*** Opening of Available data ***
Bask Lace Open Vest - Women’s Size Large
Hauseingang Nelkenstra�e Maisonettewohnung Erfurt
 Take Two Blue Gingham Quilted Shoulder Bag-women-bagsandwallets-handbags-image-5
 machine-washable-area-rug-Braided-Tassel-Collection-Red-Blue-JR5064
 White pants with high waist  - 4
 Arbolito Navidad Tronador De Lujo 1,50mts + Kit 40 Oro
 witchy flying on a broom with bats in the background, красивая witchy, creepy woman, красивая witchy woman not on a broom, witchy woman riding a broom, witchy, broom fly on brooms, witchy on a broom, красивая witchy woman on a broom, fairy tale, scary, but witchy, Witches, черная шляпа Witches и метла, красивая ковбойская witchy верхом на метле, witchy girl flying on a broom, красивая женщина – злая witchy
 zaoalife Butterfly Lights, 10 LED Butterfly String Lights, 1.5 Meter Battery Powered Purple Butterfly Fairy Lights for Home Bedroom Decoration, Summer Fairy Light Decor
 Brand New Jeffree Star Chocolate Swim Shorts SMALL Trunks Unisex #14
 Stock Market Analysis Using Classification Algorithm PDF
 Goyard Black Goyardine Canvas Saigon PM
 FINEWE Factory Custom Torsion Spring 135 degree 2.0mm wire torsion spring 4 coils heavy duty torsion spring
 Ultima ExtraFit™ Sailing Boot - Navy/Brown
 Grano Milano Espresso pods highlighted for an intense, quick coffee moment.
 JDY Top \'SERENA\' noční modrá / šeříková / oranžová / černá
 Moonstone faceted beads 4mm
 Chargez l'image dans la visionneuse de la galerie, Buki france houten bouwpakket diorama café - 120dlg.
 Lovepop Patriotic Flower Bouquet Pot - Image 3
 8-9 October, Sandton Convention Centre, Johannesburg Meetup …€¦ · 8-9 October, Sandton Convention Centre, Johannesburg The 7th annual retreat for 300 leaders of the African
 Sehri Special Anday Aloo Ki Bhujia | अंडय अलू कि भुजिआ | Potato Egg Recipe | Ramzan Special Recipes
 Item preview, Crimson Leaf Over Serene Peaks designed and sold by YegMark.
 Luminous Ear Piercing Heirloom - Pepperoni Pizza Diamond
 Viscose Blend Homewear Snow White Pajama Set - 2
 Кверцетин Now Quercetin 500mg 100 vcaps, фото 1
*** Close of Available data ***
What you should do -
Show each line of the data that contains the string "Blue".

Your response -
 Take Two Blue Gingham Quilted Shoulder Bag-women-bagsandwallets-handbags-image-5
 machine-washable-area-rug-Braided-Tassel-Collection-Red-Blue-JR5064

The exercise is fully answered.